Summary of the Facts: Komatsu Financial financed Ellis Contracting’s purchase of excavating equipment. Ellis defaulted and Komatsu unsuccessfully attempted self-help repossession. Komatsu filed a complaint in replevin, to which Ellis answered and counterclaimed. Komatsu filed a motion for summary judgment which the court granted. Ellis appeals.

Summary of Opinion Analysis: Ellis argues that the court should not have granted Komatsu’s motion for summary judgment because the court erroneously determined that Ellis did not offer a valid defense against Komatsu’s claim to immediate possession of the equipment. Ellis maintains that they offered a valid defense - full payment under the contract. When one party establishes a debt and the debtor claims payment nullifies the debt, the burden of proving payment falls on the debtor. However, where the debtor has introduced some evidence of payment, the burden shifts to the creditor to show nonpayment. Komatsu presented an accounting that demonstrated that Ellis did owe a balance on the debt. Komatsu also presented evidence that Ellis was aware of Komatsu’s position on the cancellation letter - that is, mistake in sending the cancellation letter. Therefore, no issue of material fact existed. Ellis also argues that the court should not have dismissed its counterclaim because a jury should have the opportunity to resolve whether Butler breached the peace and whether Butler had completed repossession. Upon default, a secured party has the right to take possession of the collateral without judicial process if the secured party can avoid breaching the peace in the process. Here, Butler repossessed the excavator and moved it off Ellis’s lot without anyone being aware of it. No one witnessed Butler moving the excavator off the landfill site, no one confronted Butler as they removed the excavator, and no one pursued Butler as they left the Ellis’s property with the excavator. Ellis did not confront Butler until Butler was on an interstate highway - fifty-seven miles away from the Ellis landfill.
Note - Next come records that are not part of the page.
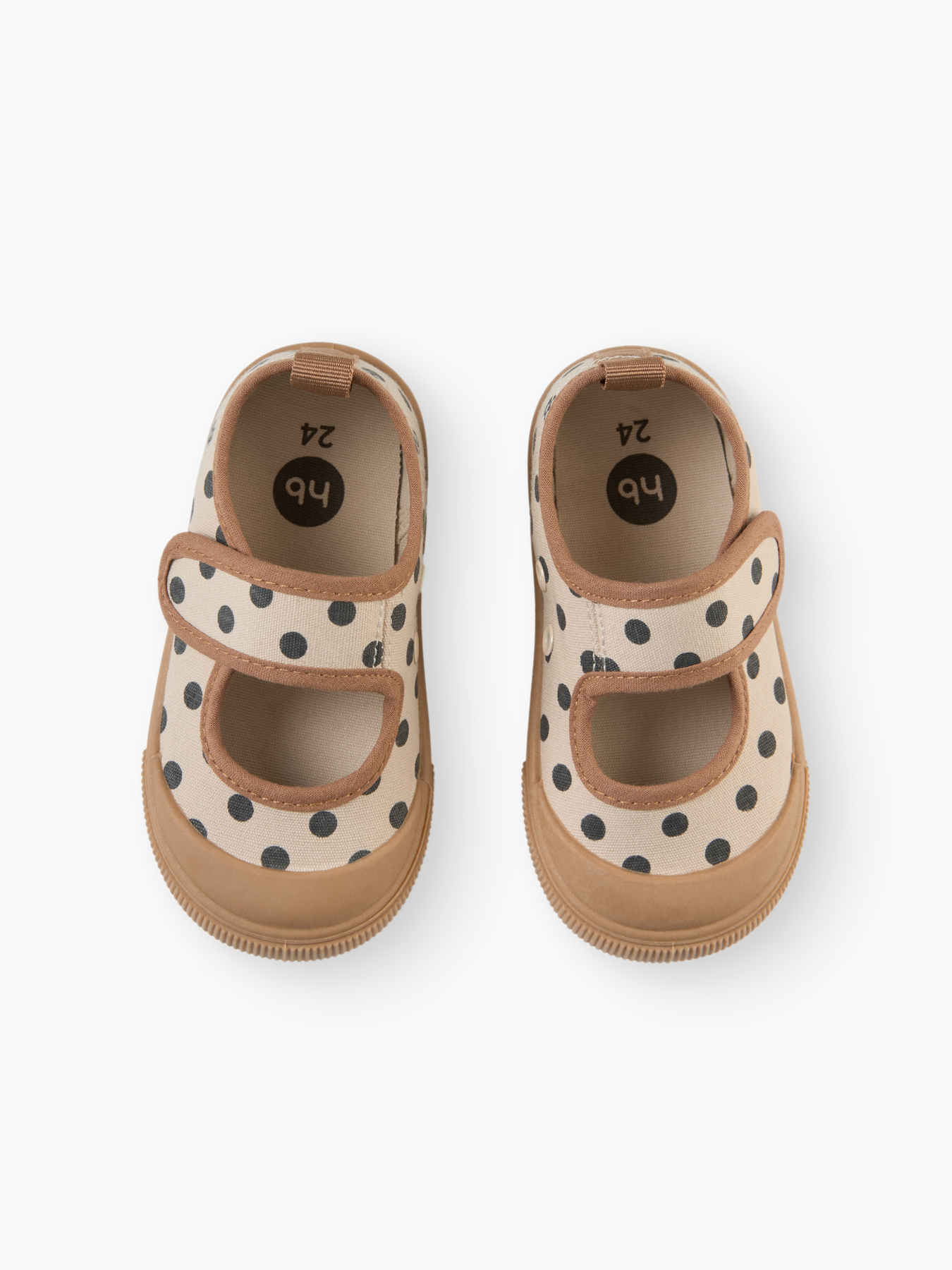 Кеды детские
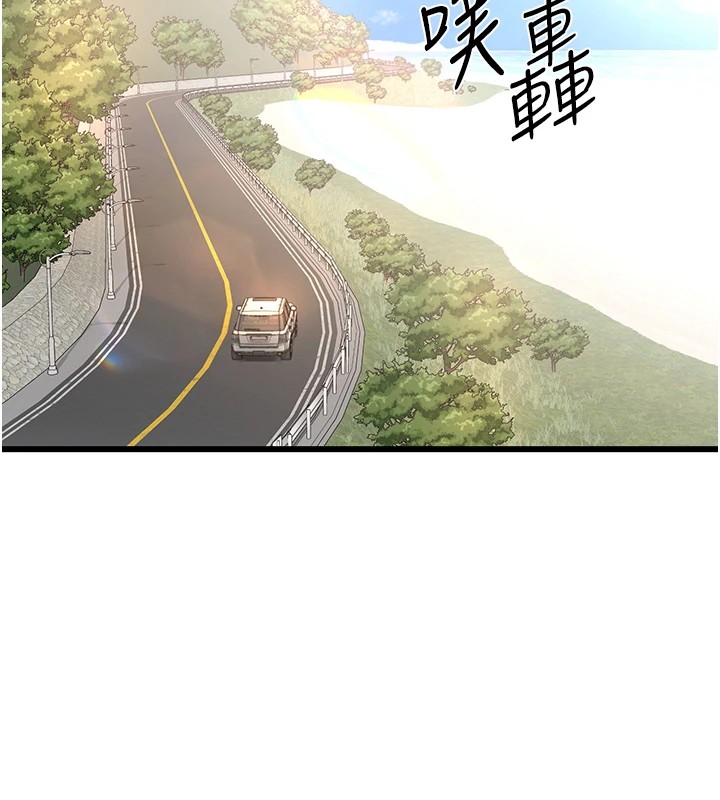 第1话-觊觎兄弟的闷骚妈 - 第122.jpg页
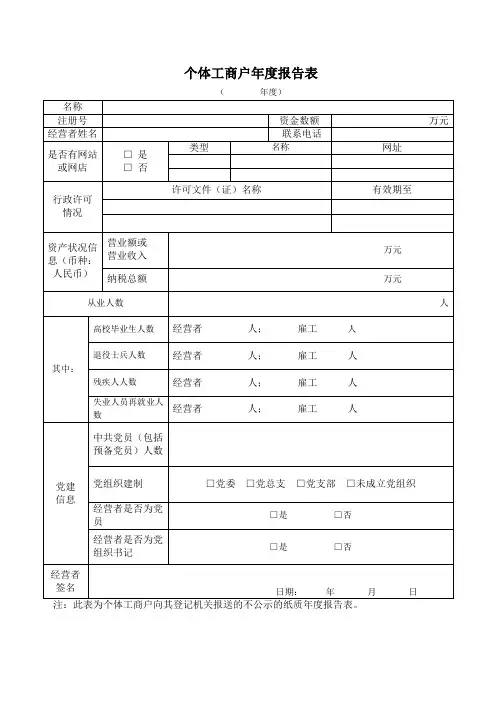 个体工商户年度报告表 .doc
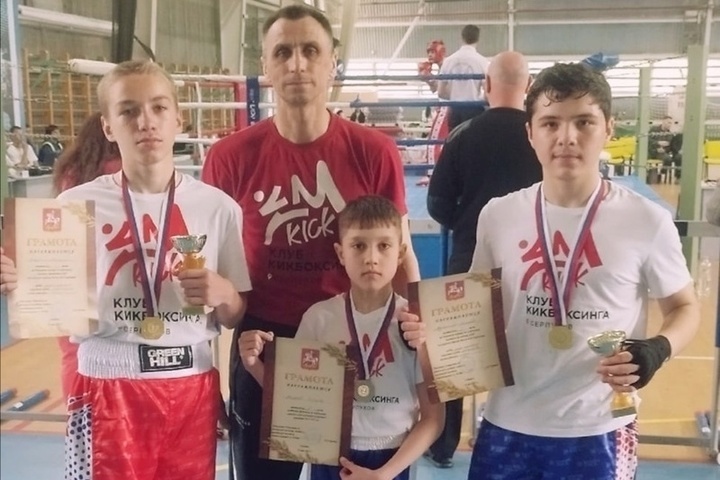 Kickboxers from Serpukhov won gold medals at a significant tournament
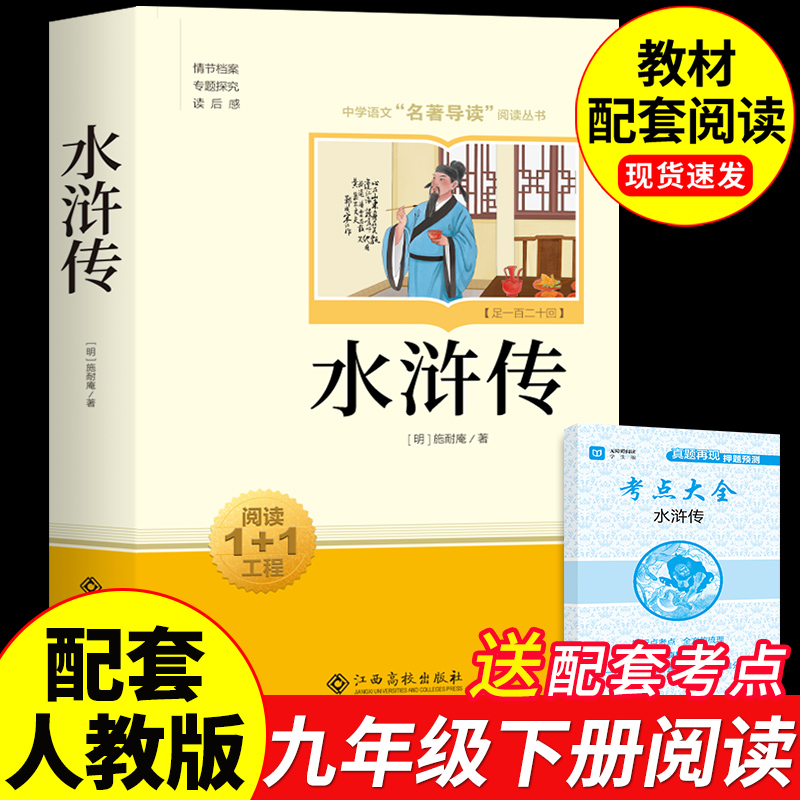 水浒传九年级必读正版原著完整版初中生八年级下册阅读名著初三课外阅读书籍配套人教版语文书目9九下的课外书和儒林外史艾青诗选A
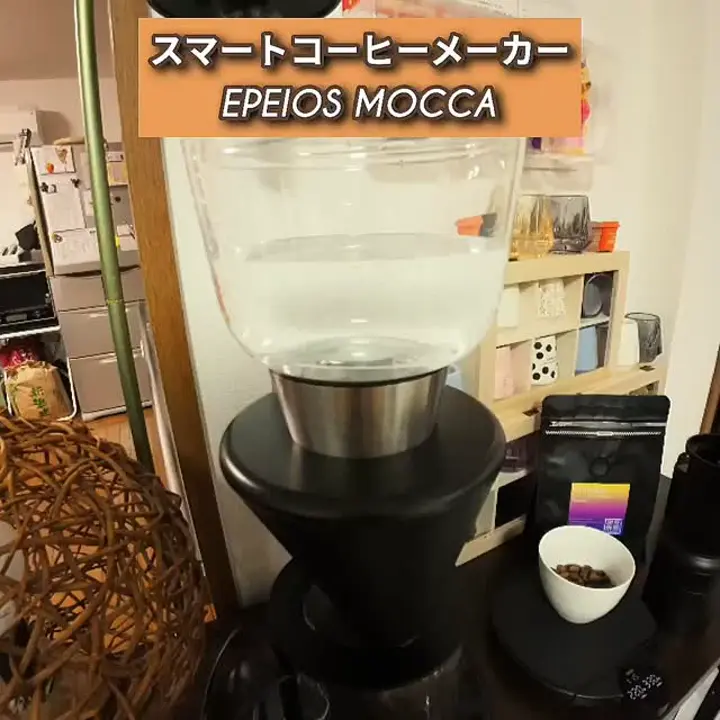 FoElem｜スマートコーヒーメーカー Mocca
There is no statutory authority or precedent that states that repossession is incomplete until the repossessors successfully move repossessed collateral across the boundary of their own real property and effectively reach “home base.” Because a creditor can only be liable for damages that result from a breach of the peace that occurs during repossession, Komatsu cannot be liable even if a jury found that Butler breached the peace during the I-55 incident.